- **Exercise aim**
Among the entries below, the lines from the one with "Gilet căptușit pentru" up to and including the one with "Rolex Yacht-Master II User's" are to be restated exactly, without pictures.

- **Exercise data**
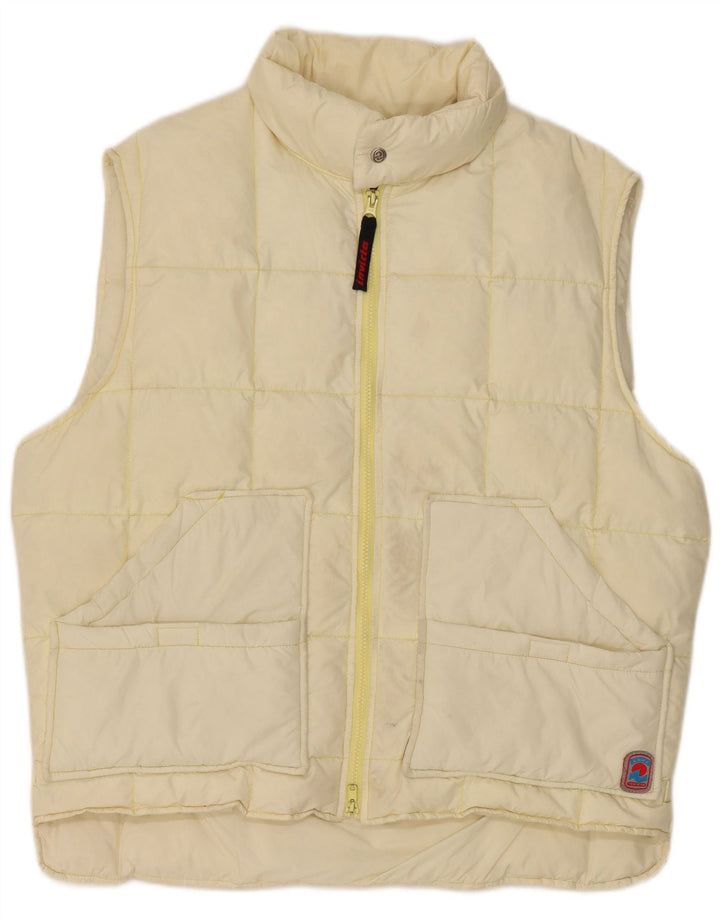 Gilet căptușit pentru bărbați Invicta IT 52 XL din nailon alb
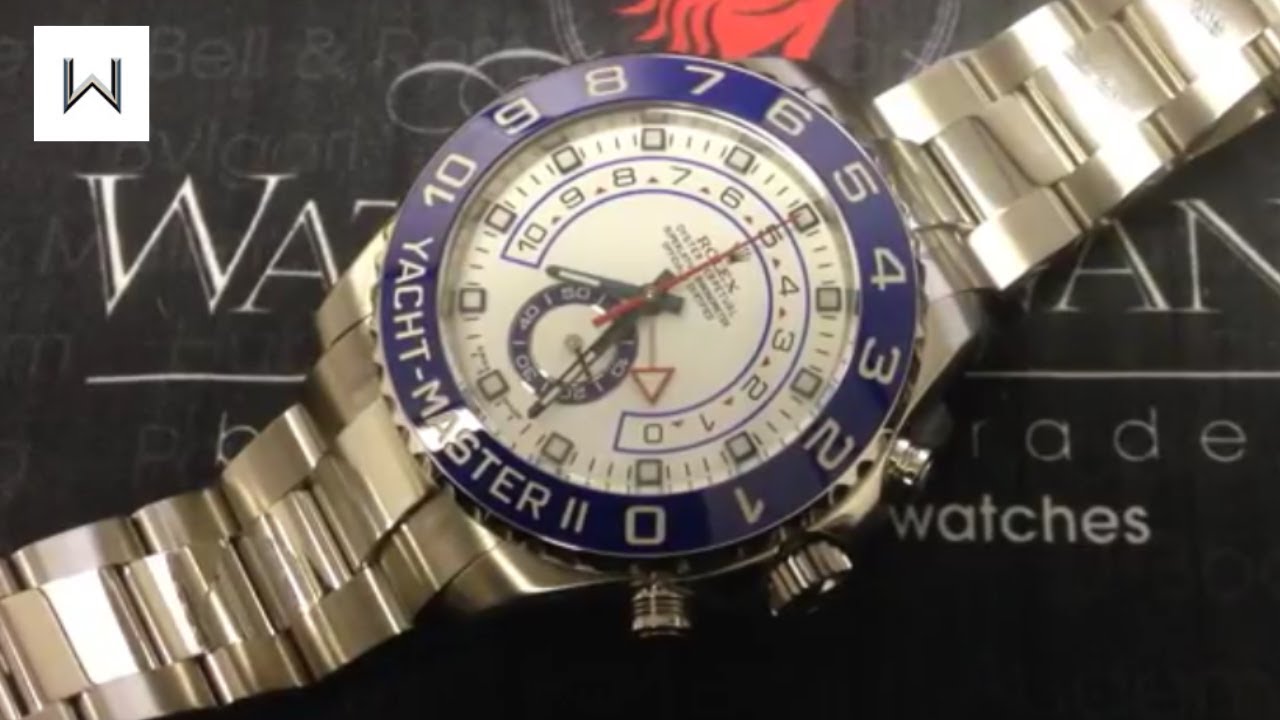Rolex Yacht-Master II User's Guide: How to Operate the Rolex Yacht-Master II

==

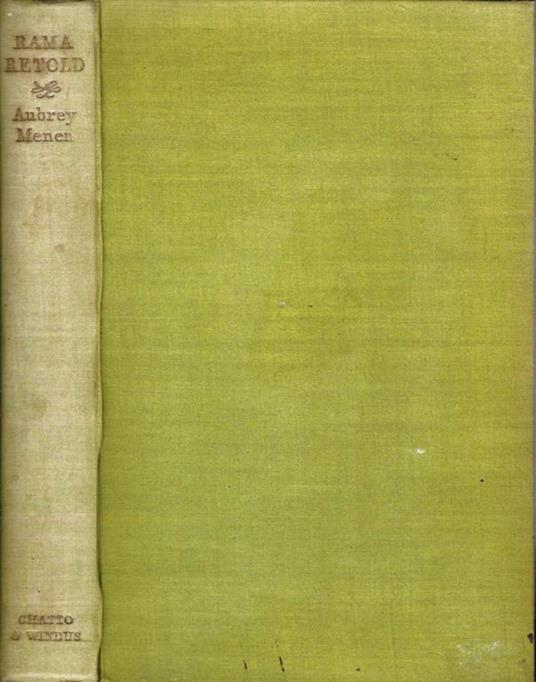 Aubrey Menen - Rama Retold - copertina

==

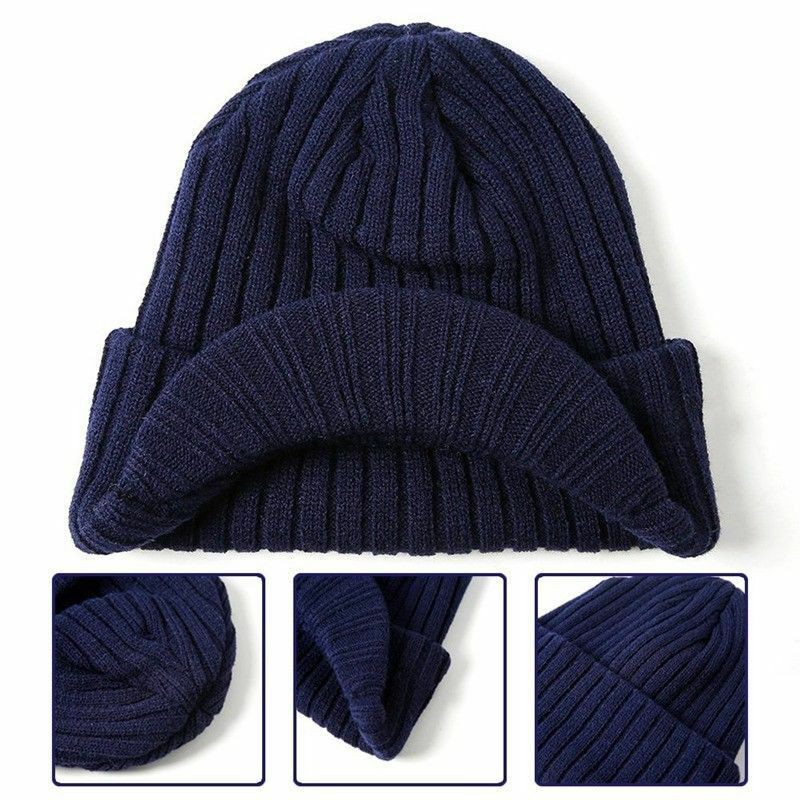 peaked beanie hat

- **Answer to this problem**
 Gilet căptușit pentru bărbați Invicta IT 52 XL din nailon alb
Rolex Yacht-Master II User's Guide: How to Operate the Rolex Yacht-Master II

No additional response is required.